TURIN, ITALY—Here in the cavernous exhibition space at the European Science Open Forum, it seems like every European scientific organization or institute has its own booth, each with a lonely volunteer. But there's one that always seems to have visitors, and it's no wonder why. The University of Gastronomic Sciences (UNISG) is offering a degree program to die for: a rigorous exploration of the science of cuisine, founded by Carlo Petrini, the leader of the ecofriendly Slow Food movement. For those interested in launching a career in scientific gastronomy, here's the lowdown.
It's not cheap. But the €13,000-per-year tuition covers everything besides accommodation. None of the 350 UNISG students live on the Bra campus in Northern Italy. Instead, they settle in the surrounding village of Pollenzo not far from Turin. (But note, the area is so beautiful that it is under consideration by UNESCO to become a World Heritage Site.) The tuition even includes field trips to places such as New Zealand and India-to study the production of wine and rice, respectively. UNISG offers a 3-year undergraduate degree and a 1- or 2-year master's. Most graduates find jobs in the food or tourism industries.
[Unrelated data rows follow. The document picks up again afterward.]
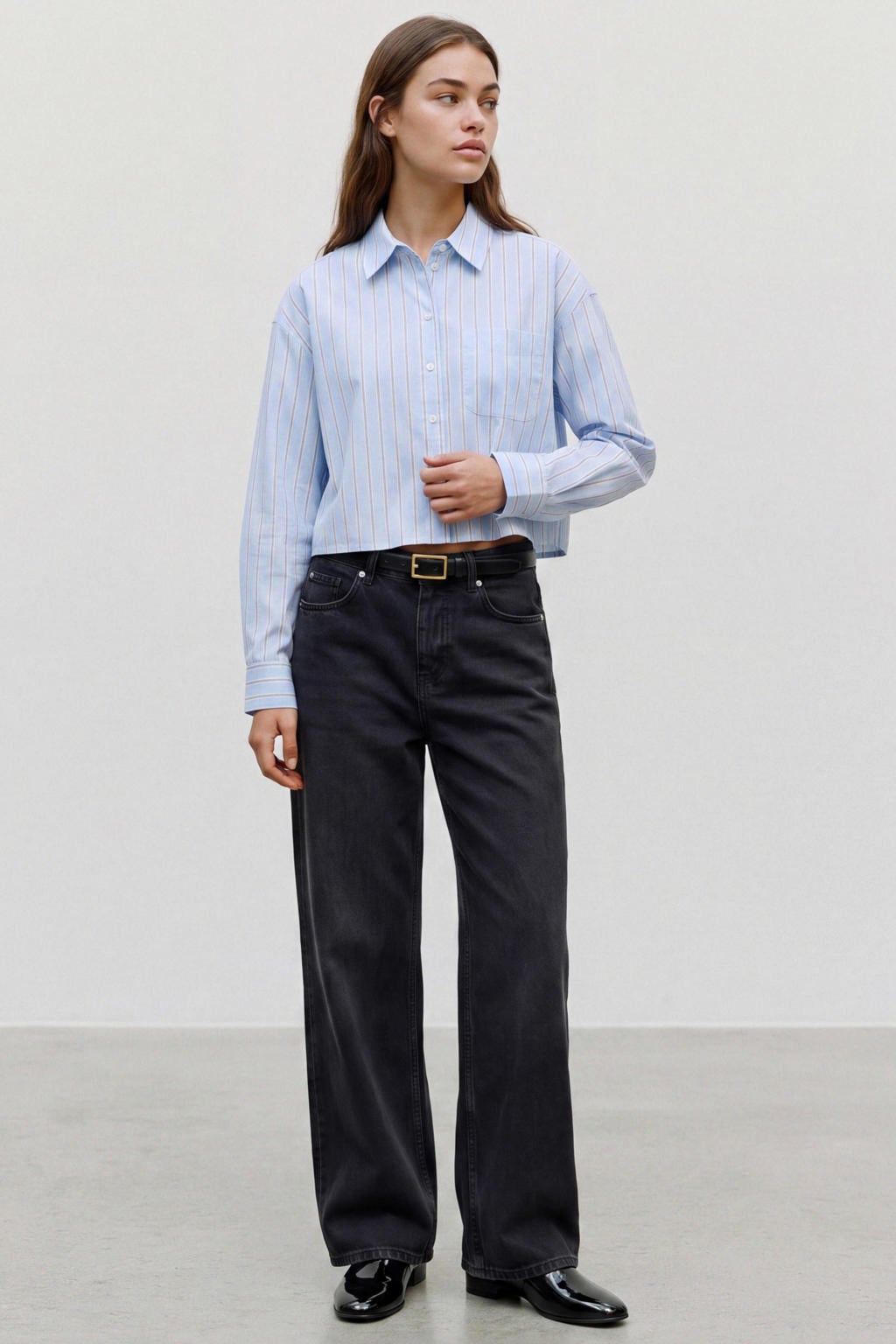 Lichtblauwe dames VERO MODA gestreepte blouse van katoen met lange mouwen, klassieke kraag en knoopsluiting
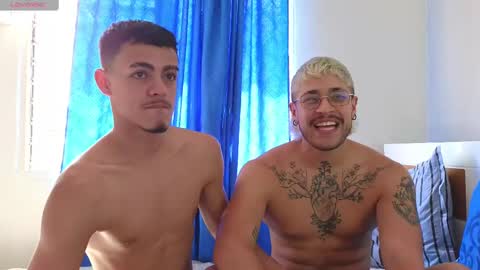 Snapshot of isaiashunt_ chatting on March 6, 2:29 pm isais hunt online show from March 6, 2:29 pm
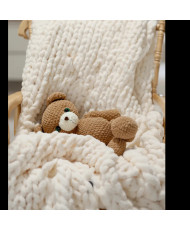Manta y osito tejidos a crochet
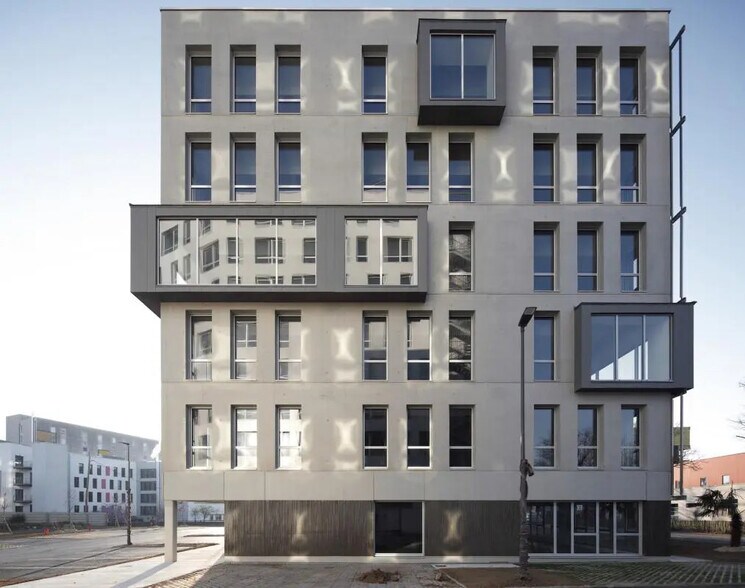 Bureau dans Saint-Herblain à louer - Photo de l’immeuble – Image 2 sur 9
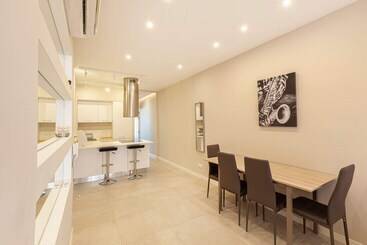 Brand New 1br In Central Malta Hosted By Sweetstay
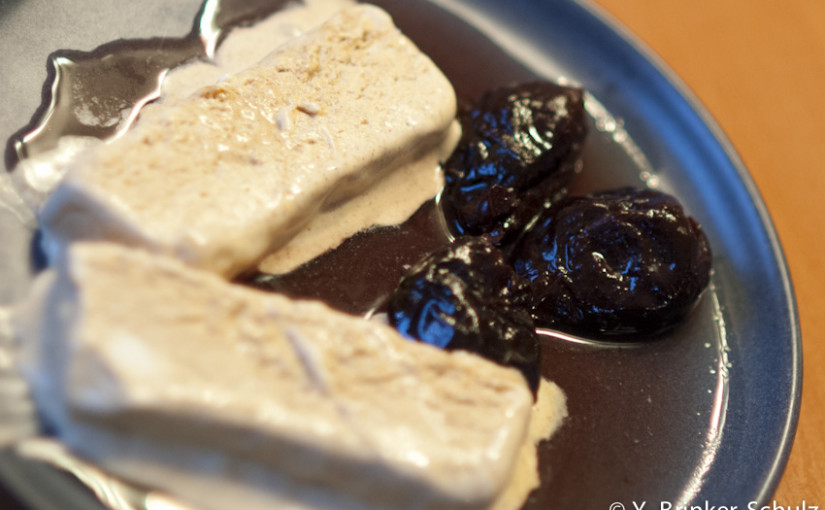 Zurück vom Weihnachtsbesuch bei der Familie – mit vollem Bauch, einem Restaurant-Tipp und dem Rezept für Zimtparfait mit herrlich betrunkenen Pflaumen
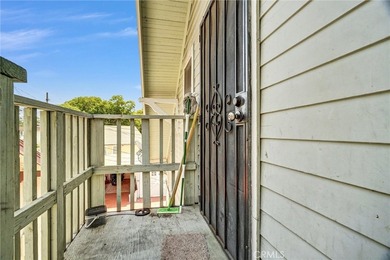 Welcome to the Gowdy House, a classic Craftsman triplex located - photo 40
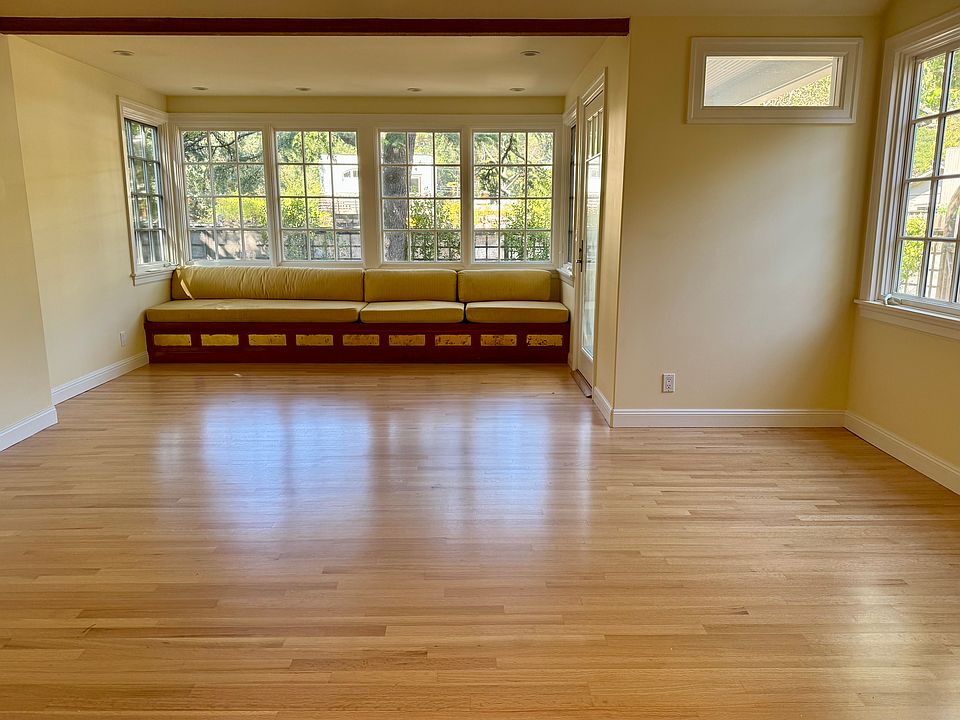 1st image of 164 Railroad Ave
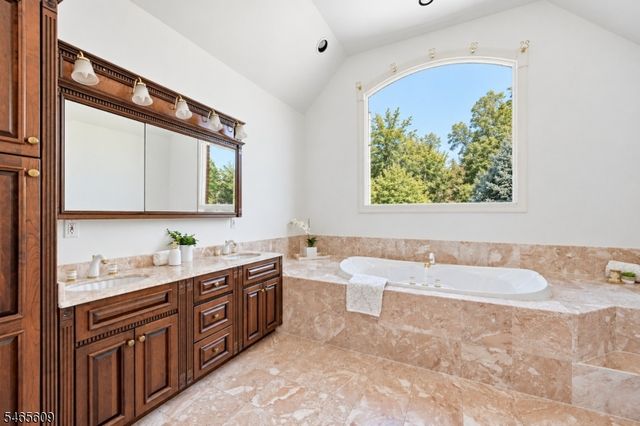54 BURNET HILL ROAD, Livingston Twp., NJ 07039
No one learns how to cook. This fact took me by surprise. "Cooking is only a small part of gastronomy," says UNISG professor Gabriella Morini, a molecular biologist who specializes in oral sensation. Instead, she says, "we focus on other aspects of food." Running down the list of UNISG courses reveals a wide range. The classic gastronomic subjects are there: agriculture, viticulture, and the history of food. But most of the courses wouldn't be out of place at a research university: food microbiology, molecular aspects of taste, and cultural anthropology. The university also has a unique resource: the "wine bank" containing 100,000 bottles of wine from every region of Italy going back 50 years. Unfortunately, it's not for casual consumption. "The wine bank is for historical research," Morini says.
But you can do real research. UNISG faculty members don't just teach. Morini, for example, studies the "chemestetic" sensations of food, the components of the taste experience such as the "hotness" of peppers or the "pungency" of garlic. Last year, she discovered a previously unknown molecule from a Korean herb that binds to the pungency receptors in the mouth. She and her students have already found an application for it: a flavor enhancer for beer.